• _Task to complete_:
Could you retype only the lines from the one containing "Front Sprockets - 850715H image" through the final line of the entries, both included, skipping any images?

Scraped caption text data
——————————
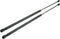 Hatch Strut Shocks Mercedes Benz ML320 ML350 ML430 ML55-0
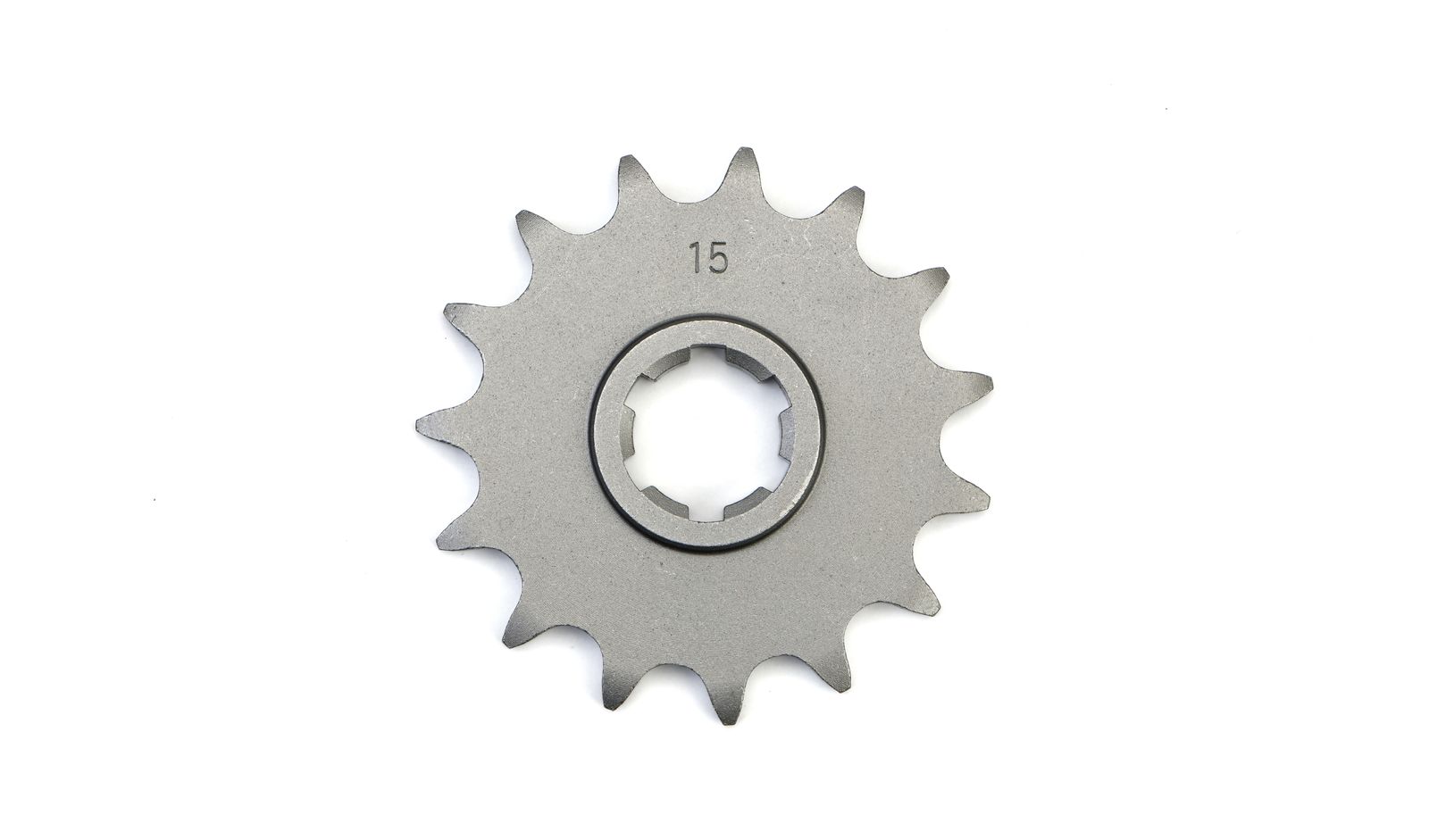 Front Sprockets - 850715H image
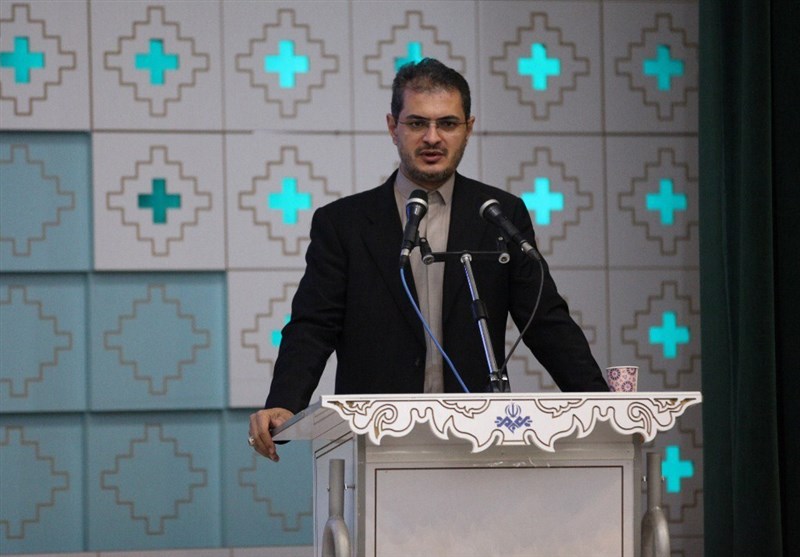 خبرنگاران در اغتشاشات سال گذشته کردستان دشمن را شکست دادند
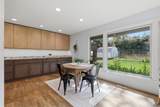 417 Berry Blvd - Photo 17
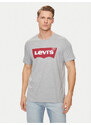T-Shirt Levi's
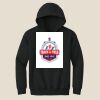 Youth Heavy Blend Hooded Sweatshirt Thumbnail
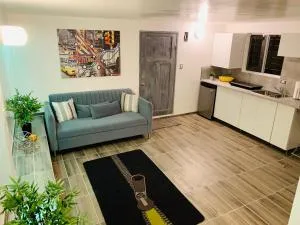 El Rincon Amarillo. Zona Dorada. - Colonia Rubén Corona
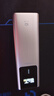 CUKTECH酷態(tài)科【3C認(rèn)證】10號(hào)超級(jí)電能棒Plus15000毫安時(shí)充電寶120W大功率快充可上飛機(jī)支持筆記本手機(jī) 鈦灰丨120W閃充 含6A線 曬單實(shí)拍圖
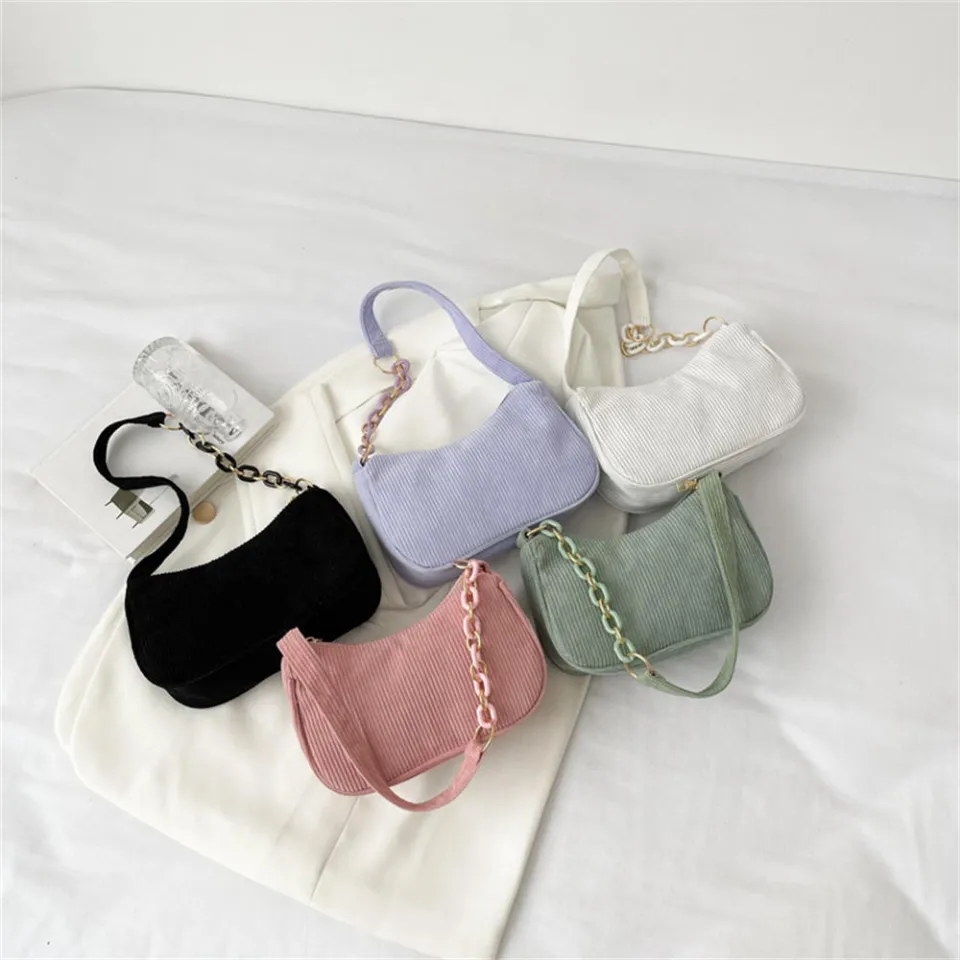 Korean fashion bag online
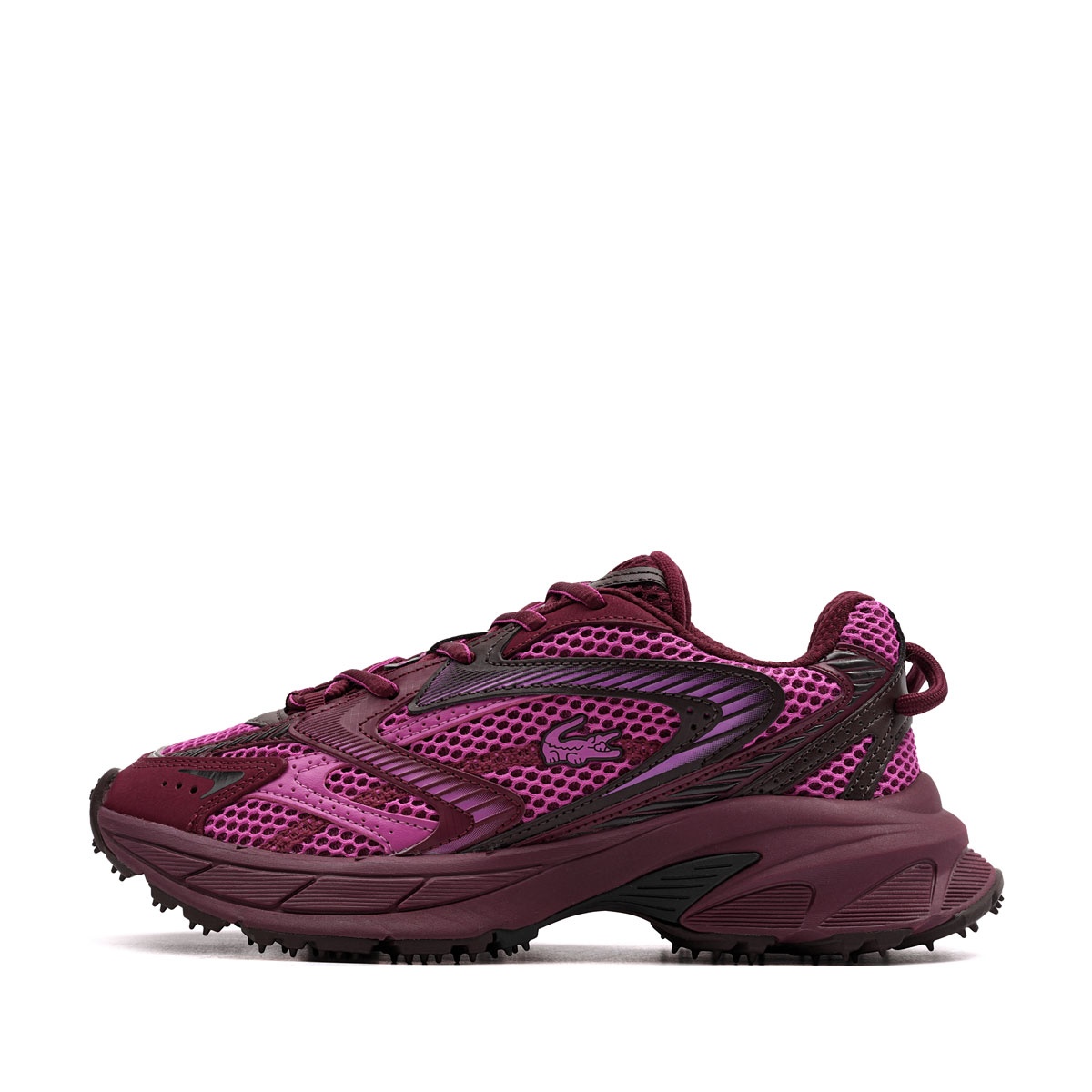 Lacoste L003 Neo Shot 125 1 SFA Дамски маратонки 749SFA0007BP8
——————————
• _Solution to this problem_:
 Front Sprockets - 850715H image
 خبرنگاران در اغتشاشات سال گذشته کردستان دشمن را شکست دادند
 417 Berry Blvd - Photo 17
T-Shirt Levi's
 Youth Heavy Blend Hooded Sweatshirt Thumbnail
 El Rincon Amarillo. Zona Dorada. - Colonia Rubén Corona
 CUKTECH酷態(tài)科【3C認(rèn)證】10號(hào)超級(jí)電能棒Plus15000毫安時(shí)充電寶120W大功率快充可上飛機(jī)支持筆記本手機(jī) 鈦灰丨120W閃充 含6A線 曬單實(shí)拍圖
 Korean fashion bag online
 Lacoste L003 Neo Shot 125 1 SFA Дамски маратонки 749SFA0007BP8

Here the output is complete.